There will be no comparisons to Devin Funchess here. Butt is functional as a blocker. He gets in the way of guys and stays in their way, mostly, if they're not real mean.

That is kind of the cap, though. Get him soloed up against a defensive end and it'll go like "tight end versus Chris Wormley" most of the time. In UFR his run contributions came out moderately positive against the lesser teams on the schedule and negative against likes of Utah, BYU, MSU, and... uh... Rutgers. The bowl was a nice step forward but repeatedly caving in the edge of Florida's defense could be interpreted as a motivation issue for the Gators. Pro Football Focus tastefully omits mention of his blocking when they reference him because he came out negative on the year.

Remaining upside in this department is limited since he's going from his third to his fourth year. What remains is probably more about the mental side of the game than a sudden surge in ability like AJ Williams had. He'll get a little stronger and a little wiser; what you see is close to what you're going to get.

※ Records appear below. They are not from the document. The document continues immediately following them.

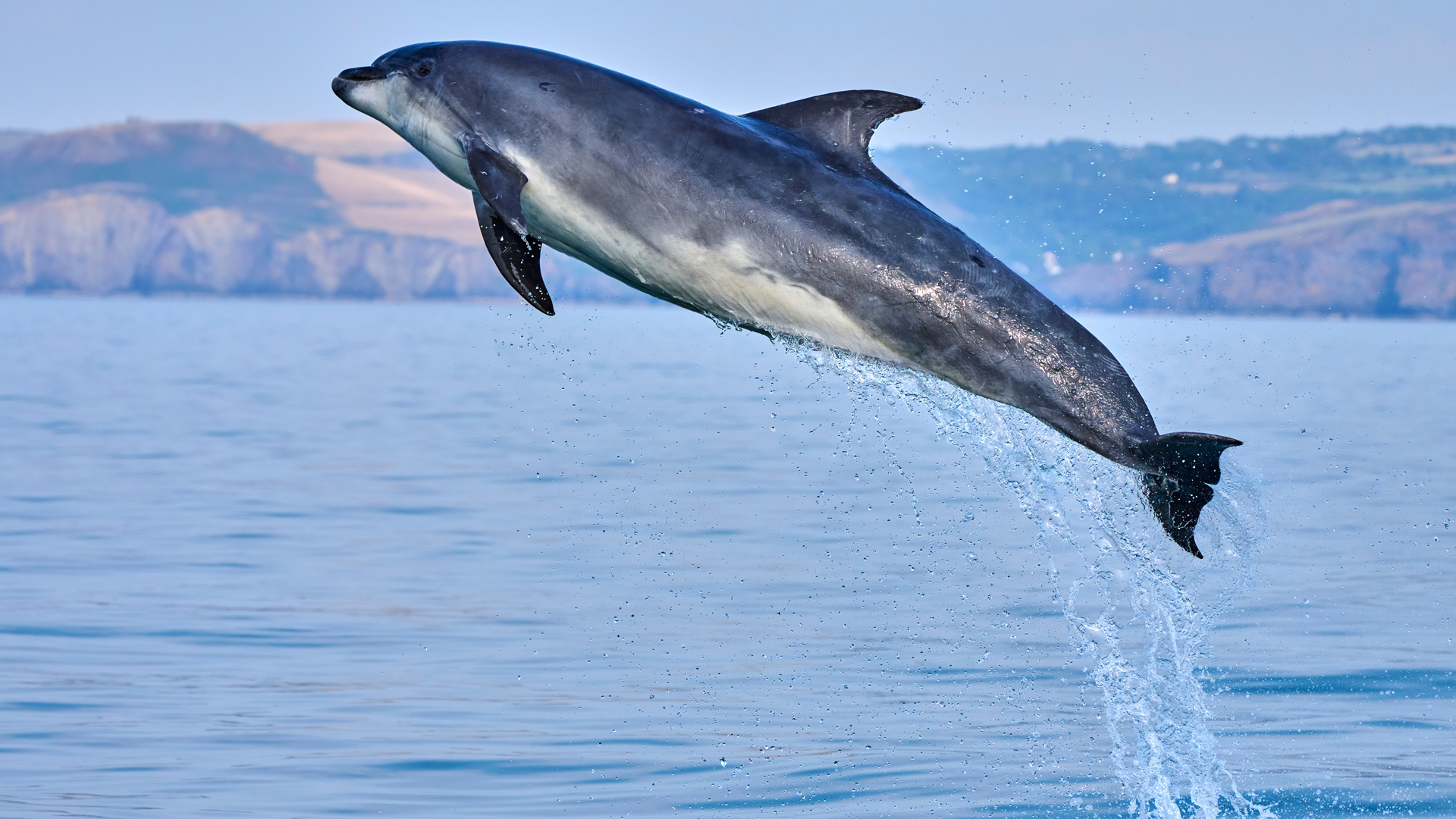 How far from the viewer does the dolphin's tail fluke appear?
798 centimetres

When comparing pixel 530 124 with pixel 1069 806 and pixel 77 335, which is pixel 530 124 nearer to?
pixel 1069 806

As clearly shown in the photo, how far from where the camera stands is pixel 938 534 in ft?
71.2

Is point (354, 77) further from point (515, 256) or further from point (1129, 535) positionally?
point (1129, 535)

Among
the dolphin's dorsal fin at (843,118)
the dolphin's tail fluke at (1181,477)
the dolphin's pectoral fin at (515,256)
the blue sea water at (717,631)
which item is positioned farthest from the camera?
the blue sea water at (717,631)

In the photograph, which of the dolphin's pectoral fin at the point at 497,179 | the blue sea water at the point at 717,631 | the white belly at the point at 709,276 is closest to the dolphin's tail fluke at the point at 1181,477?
the blue sea water at the point at 717,631

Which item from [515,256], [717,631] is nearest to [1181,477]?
[515,256]

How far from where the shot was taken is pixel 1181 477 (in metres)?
8.10

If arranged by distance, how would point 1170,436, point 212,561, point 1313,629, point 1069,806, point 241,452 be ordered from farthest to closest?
point 241,452, point 212,561, point 1313,629, point 1069,806, point 1170,436

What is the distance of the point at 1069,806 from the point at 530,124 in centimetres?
590

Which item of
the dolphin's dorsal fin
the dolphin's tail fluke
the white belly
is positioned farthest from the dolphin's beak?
the dolphin's tail fluke

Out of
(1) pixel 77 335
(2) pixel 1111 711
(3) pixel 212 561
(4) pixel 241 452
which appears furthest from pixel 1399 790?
(1) pixel 77 335

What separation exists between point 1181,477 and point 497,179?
Answer: 3.90 meters

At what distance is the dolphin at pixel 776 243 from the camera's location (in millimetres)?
8211

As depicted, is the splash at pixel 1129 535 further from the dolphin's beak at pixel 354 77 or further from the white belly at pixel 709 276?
the dolphin's beak at pixel 354 77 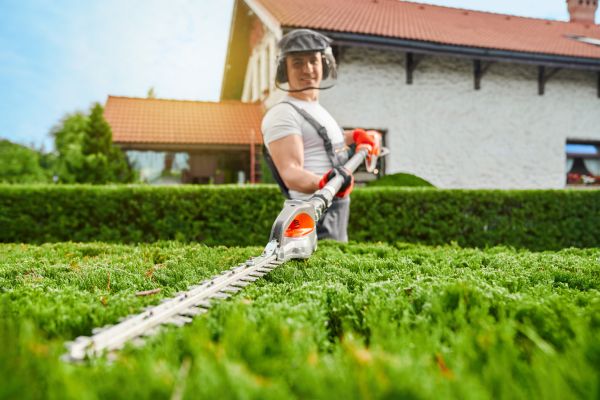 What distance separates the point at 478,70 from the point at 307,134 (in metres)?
11.2

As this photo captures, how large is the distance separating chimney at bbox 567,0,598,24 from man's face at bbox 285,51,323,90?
→ 19.5 metres

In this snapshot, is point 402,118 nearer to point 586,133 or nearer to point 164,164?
point 586,133

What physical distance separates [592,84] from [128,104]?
1458 centimetres

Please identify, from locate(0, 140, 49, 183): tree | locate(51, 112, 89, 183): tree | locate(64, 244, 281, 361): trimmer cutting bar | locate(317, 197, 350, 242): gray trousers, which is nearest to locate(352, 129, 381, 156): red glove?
locate(317, 197, 350, 242): gray trousers

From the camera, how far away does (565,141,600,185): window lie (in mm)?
14508

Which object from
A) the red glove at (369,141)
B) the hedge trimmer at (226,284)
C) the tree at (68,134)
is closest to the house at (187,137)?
the tree at (68,134)

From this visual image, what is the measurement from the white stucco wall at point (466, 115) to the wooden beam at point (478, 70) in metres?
0.12

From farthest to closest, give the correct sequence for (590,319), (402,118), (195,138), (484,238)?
(195,138)
(402,118)
(484,238)
(590,319)

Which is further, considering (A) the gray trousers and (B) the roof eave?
(B) the roof eave

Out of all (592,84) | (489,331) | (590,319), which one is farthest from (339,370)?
(592,84)

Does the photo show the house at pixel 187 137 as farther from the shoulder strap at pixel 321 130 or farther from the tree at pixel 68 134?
Answer: the shoulder strap at pixel 321 130

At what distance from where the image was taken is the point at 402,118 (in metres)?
12.3

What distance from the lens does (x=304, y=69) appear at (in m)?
3.39

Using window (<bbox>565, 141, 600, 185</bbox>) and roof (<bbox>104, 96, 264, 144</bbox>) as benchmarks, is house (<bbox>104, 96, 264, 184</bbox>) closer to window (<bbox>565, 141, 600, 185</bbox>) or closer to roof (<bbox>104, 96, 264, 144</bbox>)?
roof (<bbox>104, 96, 264, 144</bbox>) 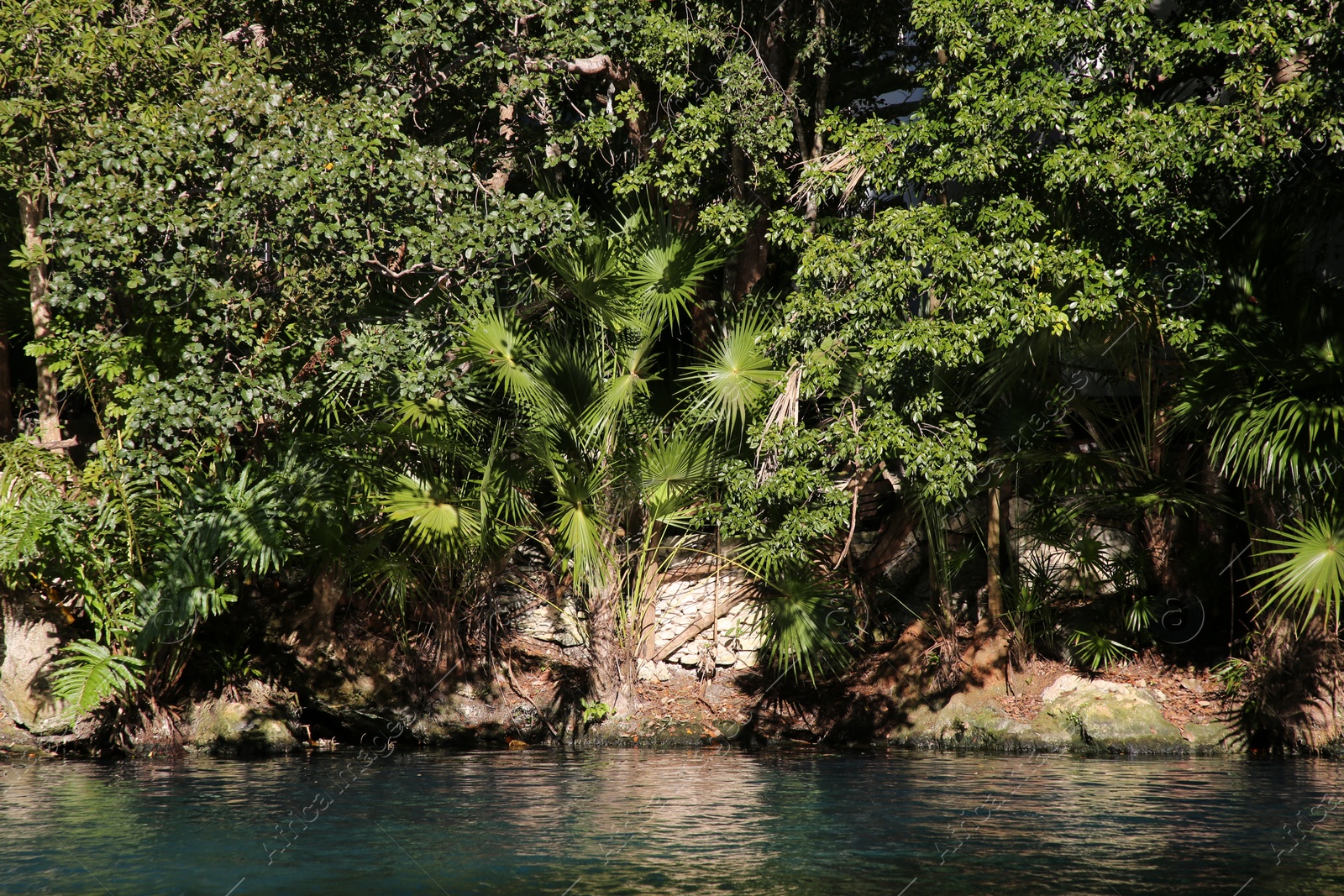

That happens to be a guy who is going to break Jim Mandich's all-time TE receiving record, a guy guaranteed to be off the board by the end of the second round of the next NFL draft. Jake Butt is a captain on a team with Jehu Chesson. I mean. Harbaugh:

"From day one, Jake Butt is an A++ guy as a player. We're in a meeting or in an install and I see him on the edge of his seat sitting through a two-hour meeting and he's communicating with guys next to him. He's interpreting for the younger guys. He has pizzazz."

Butt's about to be the best tight end in Michigan history.